Hi, friends,
I cleaned all of our birdfeeders this weekend, filled, and hung them out… and I’m happy to report that we’re already being eaten out of house and home. As always, chickadees are the sassiest, but I give the titmice a lot of Brazen Points for constantly stealing the squirrels’ peanuts.
Sitting out in the backyard for more than five minutes results in being covered in falling leaves—that’s only SLIGHT hyperbole, it’s kind of absurd—and we’ve started using the woodstove regularly, so the cozy season is very definitely upon us.
Reading: Small Spaces, Dead Voices, and Dark Waters, by Katherine Arden
I’ve been enjoying this series so much that I used the release of Dark Waters as an excuse to re-read the first two, and that was a Solid Life Choice on my part.
These books are warm, they’ve got humor and heart, they feature lots and lots and LOTS of delicious-sounding food and good smells and cozy fires; they’re about family and friendship and confidence and learning to trust other people, as well as trust yourself.
Also, they’re genuinely, delightfully scary.
In Small Spaces, Ollie, Coco, and Brian have to survive the Smiling Man’s scarecrows.
In Dead Voices, they have to escape Mother Hemlock and the world behind the mirror.
In Dark Waters, they’re up against an ancient monster in Lake Champlain… and for the first time, they have to protect their parents and an old friend, too:
“Why aren’t you guys freaking out more?
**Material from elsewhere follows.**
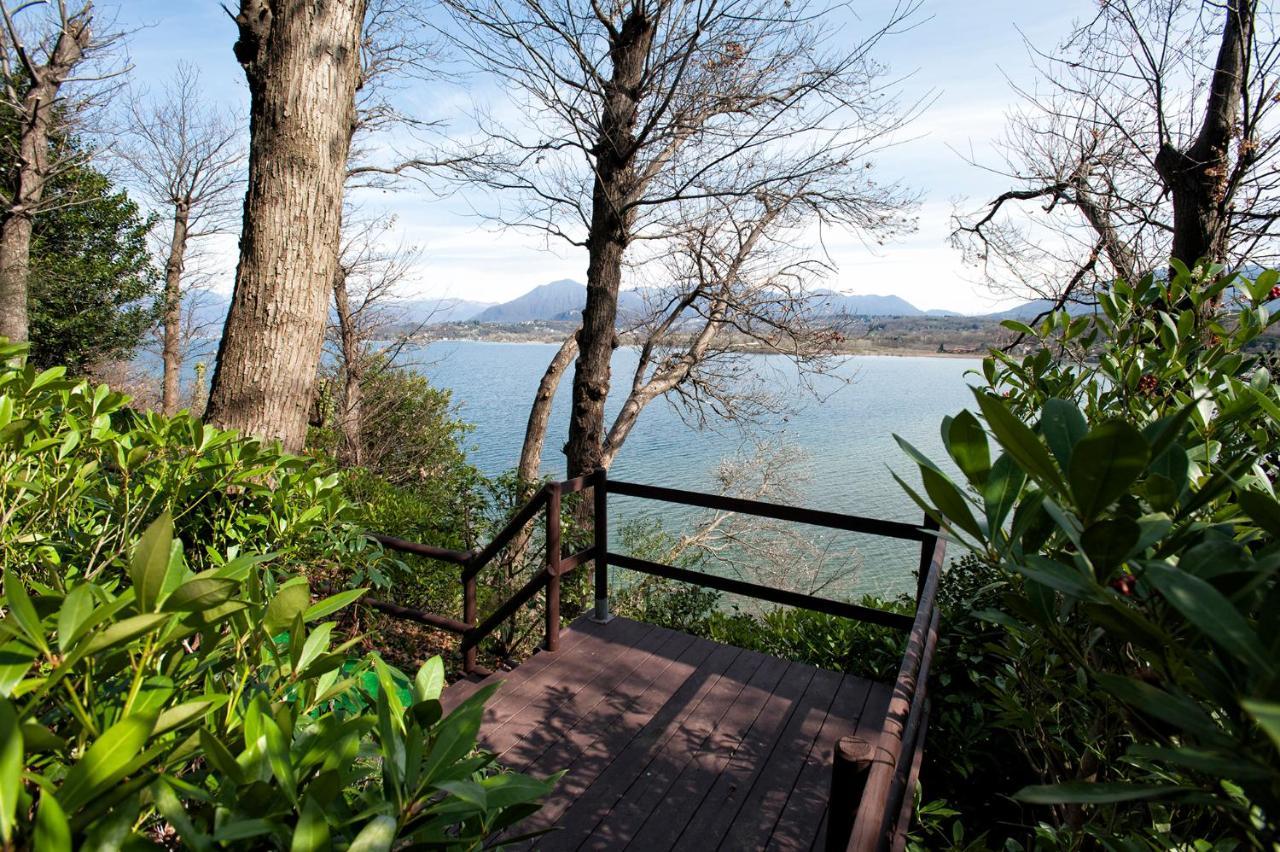 Casa Vacanze Tana Della Volpe Ispra Dış mekan fotoğraf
There’s a giant water snake trying to eat us, we’re stuck in a tree, and there was a guy just there who wanted to axe us, and you think he might be a ghost, and this is awful.”
Brian and Coco looked at each other. “Not our first time?” offered Coco after a moment, a little helplessly.
Like The Smashed Man of Dread End, Dark Waters falls into the dark fantasy/horror realm, but it’s grounded by emotional realism. It deals with the fear and trauma that these kids are trying to process, and with the fact that they’re doing it alone, without any adult support. Their parents are all concerned about them, but they don’t know what is wrong or how to help—it’s always nice to see adults depicted as three-dimensional human beings who don’t have all the answers, but aren’t completely oblivious, either.
I loved that Arden explored Brian’s situation more—due to the events in the first book, he pretty much walked away from his old friends and from his regular activities, and that hasn’t gone unnoticed by his parents or his old friends. And even more than that, I loved that the kids—Brian and Coco in particular—realize that while, yes, they’re the protagonists in their own stories, that EVERYONE is the protagonist in their own personal story.
In other words: Yes, the Smiling Man has it in for them. But no, they’re not actually alone in that.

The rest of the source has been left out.